Replace All SelectText "WORD_FROM_LANGDEF=**"
IfFound
Key LEFT ARROW
EndIf
Copy
EndSelect
Key HOME
Key DOWN ARROW
ToggleBookmark
PlayMacro 1 "FindDupNocase"
ToggleBookmark
EndLoop
Else
Key DOWN ARROW
Loop
IfEof
ExitLoop
EndIf
StartSelect
Find Select " "
Find MatchCase "WORD_FROM_LANGDEF=**"
Replace All SelectText "WORD_FROM_LANGDEF=**"
IfFound
Key LEFT ARROW
EndIf
Copy
EndSelect
Key HOME
Key DOWN ARROW
ToggleBookmark
PlayMacro 1 "FindDupCase"
ToggleBookmark
EndLoop
EndIf

// After finishing the test for duplicates clipboard 8 can be cleared and
// also everything of the temp file can be deleted. Then the content of
// clipboard 9 is pasted into the temp file and clipboard 9 is also cleared.
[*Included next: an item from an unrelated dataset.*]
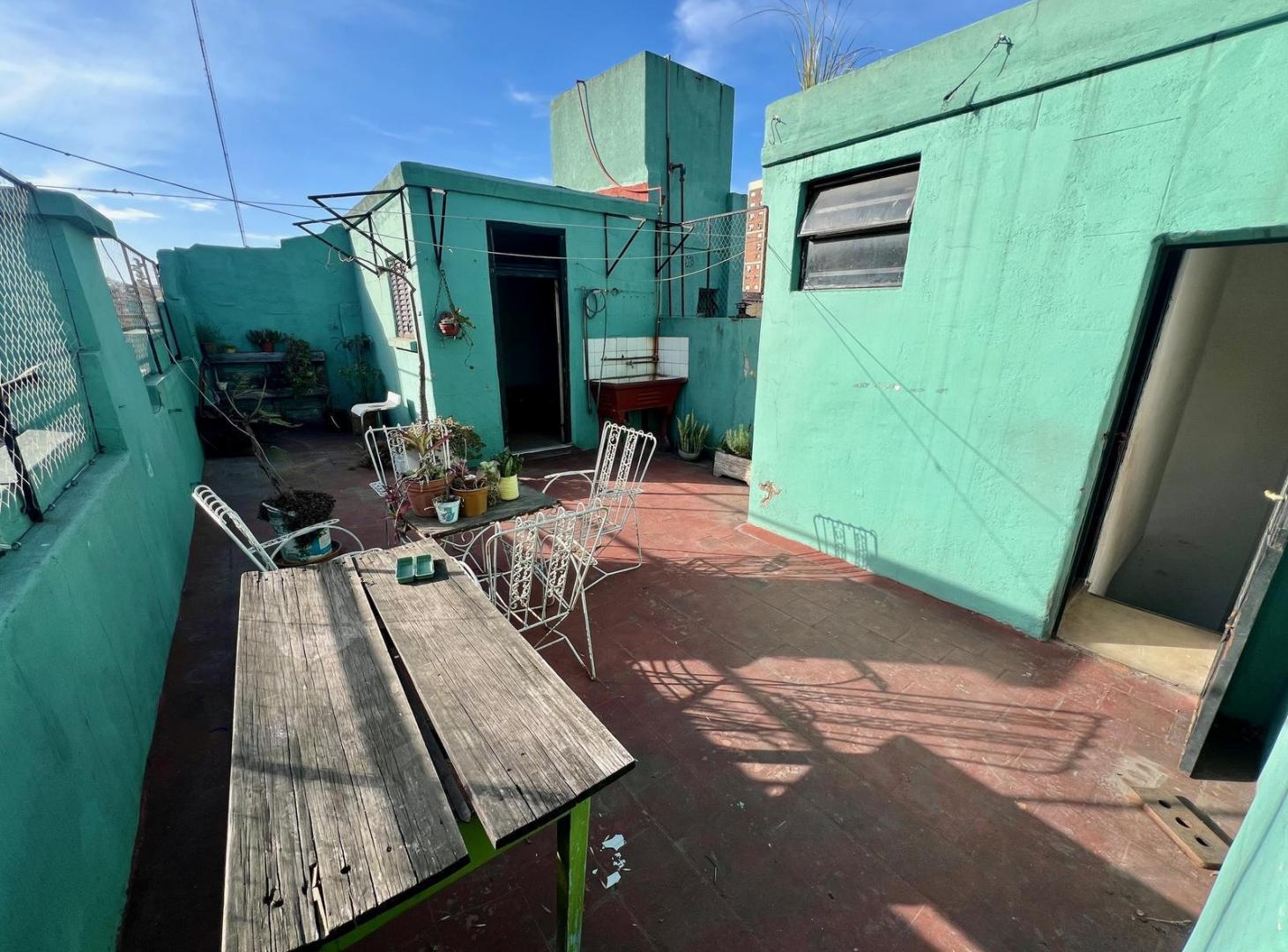 Foto de Casa de 5 ambientes con terraza y dependencia - 175 m2 total - Muy, imagen 4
// If at least one line was in the clipboard 9 because of a duplicate word
// or a matching substring the temp file is not empty now. According to
// found or not found duplicate words or matching substrings the final
// report layout is created and the caret is set to top of the report
// and the user can evaluate it now.
ClearClipboard
SelectAll
Delete
Clipboard 9
Paste
ClearClipboard
Top
IfEof
"Congratulations! No duplicate words found."
Else
Find MatchCase "WORD_FROM_LANGDEF=**"
Replace All "** "
Find MatchCase "WORD_FROM_LANGDEF="
Replace All ""
"Sorry! Found following duplicate words:
"
EndIf
Top
Clipboard 0

// Insert macro command UnixReOn or PerlReOn here at the end of the
// macro if you prefer UNIX or Perl compatible regular expressions.